CA Colmar, ch. 1-a, 15 novembre 2023, n° 21/04506
COLMAR
Arrêt
PARTIES
Demandeur :
NÉGOCE MATÉRIEL D'IMPRIMERIE - NMI (SAS)
Défendeur :
IMPRIMERIE NOUVELLE DE SAINT-LOUIS (SARL)
COMPOSITION DE LA JURIDICTION
Président :
M. WALGENWITZ
Conseillers :
M. ROUBLOT, Mme RHODE
Avocats :
Me SEILLE, Me HARTER
Par jugement rendu le 6 septembre 2021, le tribunal judiciaire de Mulhouse a :
'DIT que la vente du 30 avril 2019 entre la SAS Négoce Matériel d'Imprimerie et la SARL Imprimerie Nouvelle de Saint-Louis était parfaite ;
DEBOUTE la SAS Négoce Matériel d'Imprimerie de ses demandes ;
DIT n'y avoir lieu à faire application des dispositions de l'article 700 du code de procédure civile ;
CONDAMNE la SAS Négoce Matériel d'Imprimerie aux dépens ;
DIT n'y avoir lieu à ordonner l'exécution provisoire'.
Pour se déterminer ainsi, les juges de première instance ont retenu que la vente était parfaite entre les parties au 30 avril 2019, mais que la SAS NEGOCE MATERIEL D'IMPRIMERIE ne justifiait pas de ses préjudices.
La SAS NEGOCE MATERIEL D'IMPRIMERIE a interjeté appel de cette décision par déclaration déposée au greffe le 25 octobre 2021.
La SARL IMPRIMERIE NOUVELLE DE SAINT-LOUIS s'est constituée intimée le 4 novembre 2021.

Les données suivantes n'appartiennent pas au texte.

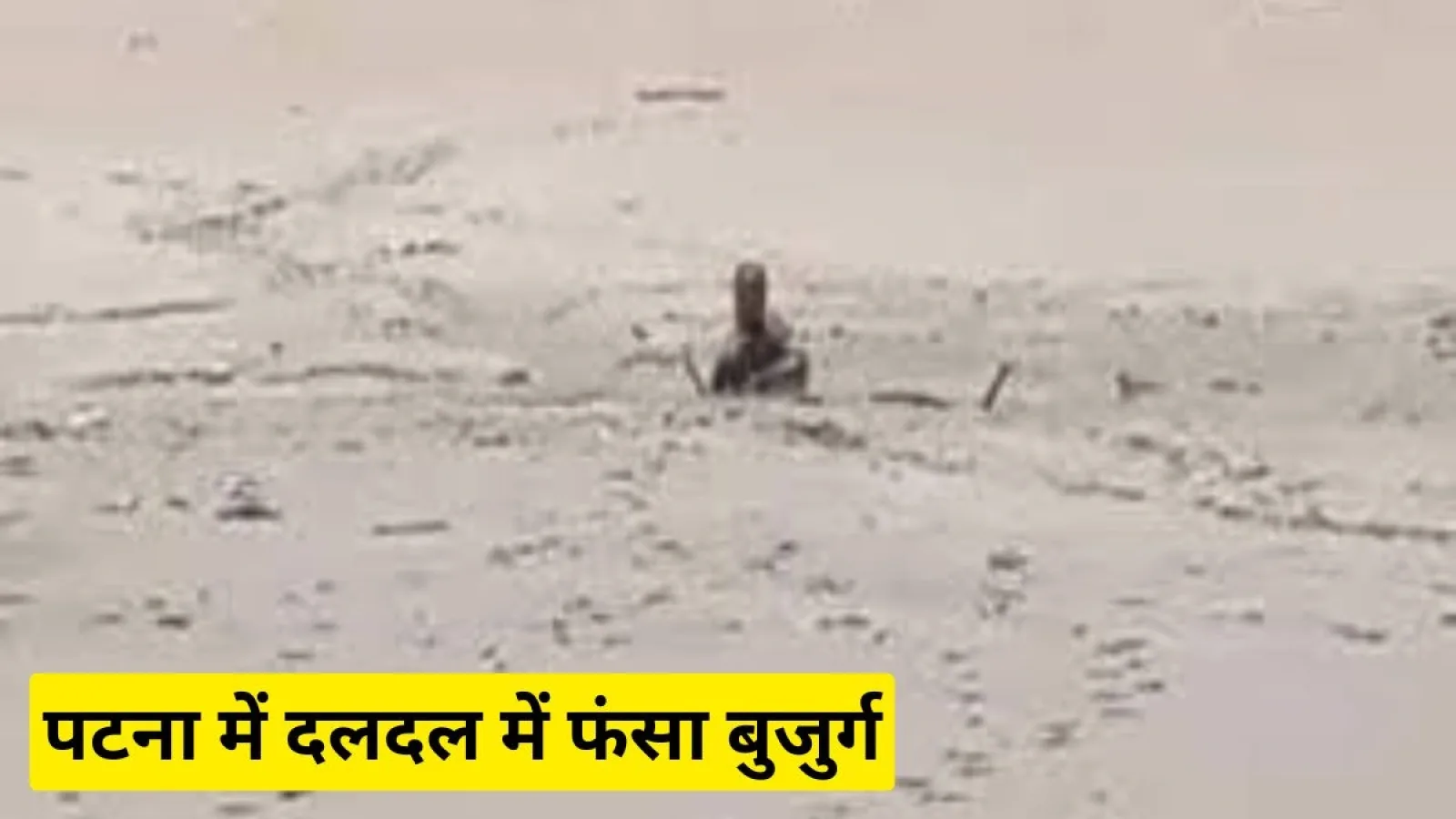 बिहार समाचार: पटना में दलदल में फंसा बुजुर्ग, सिर्फ सिर और हाथ थे बाहर, जानिए कैसे हुई बचाव की कोशिश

Dans ses dernières conclusions en date du 28 septembre 2022, auxquelles est joint un bordereau de communication de pièces qui n'a fait l'objet d'aucune contestation des parties, la SAS NEGOCE MATERIEL D'IMPRIMERIE demande à la cour de :
DECLARER l'appel principal recevable et bien fondé
Y faisant droit,
Confirmer le Jugement rendu le 6 septembre 2021 par le Tribunal Judiciaire de MULHOUSE en ce qu'il a :
'DIT que la vente du 30 avril 2019 entre la SAS Négoce Matériel d'Imprimerie et la SARL Imprimerie Nouvelle de Saint-Louis était parfaite ;'
Infirmer le Jugement rendu le 6 septembre 2021 par le Tribunal Judiciaire de MULHOUSE en ce qu'il a :
'DEBOUTE la SAS Négoce Matériel d'Imprimerie de ses demandes ;
DIT n'y avoir lieu à faire application des dispositions de l'article 700 du code de procédure civile ;
CONDAMNE la SAS Négoce Matériel d'Imprimerie aux dépens ;
DIT n'y avoir lieu à ordonner l'exécution provisoire.'
Statuant à nouveau,
Condamner la société IMPRIMERIE NOUVELLE DE SAINT-LOUIS à payer à la SAS Négoce Matériel d'Imprimerie [payer] les sommes suivantes :
' 100.000,00 euros à titre de dommages-intérêts pour le préjudice financier subi,
' 5.000,00 euros au titre du préjudice moral,
' 10.000,00 euros pour résistance abusive,
À titre subsidiaire,
Condamner la société IMPRIMERIE NOUVELLE DE SAINT-LOUIS à lui livrer à ses frais et sous astreinte de 500 euros par jour de retard le matériel listé au contrat du 30 avril 2019,
En tout état de cause,
Débouter la société IMPRIMERIE NOUVELLE DE SAINT-LOUIS de son appel incident ainsi que de l'ensemble de ses demandes, fins et conclusions,
Condamner la société IMPRIMERIE NOUVELLE DE SAINT-LOUIS à lui payer la somme de 10 000 euros pour résistance abusive,
Condamner la société IMPRIMERIE NOUVELLE DE SAINT-LOUIS à lui payer la somme de 5 000 euros au titre d l'article 700 du code de procédure civile pour la procédure de première instance et 5000 € pour la procédure d'appel,
Condamner la société IMPRIMERIE NOUVELLE DE SAINT-LOUIS aux entiers dépens de première instance et appel.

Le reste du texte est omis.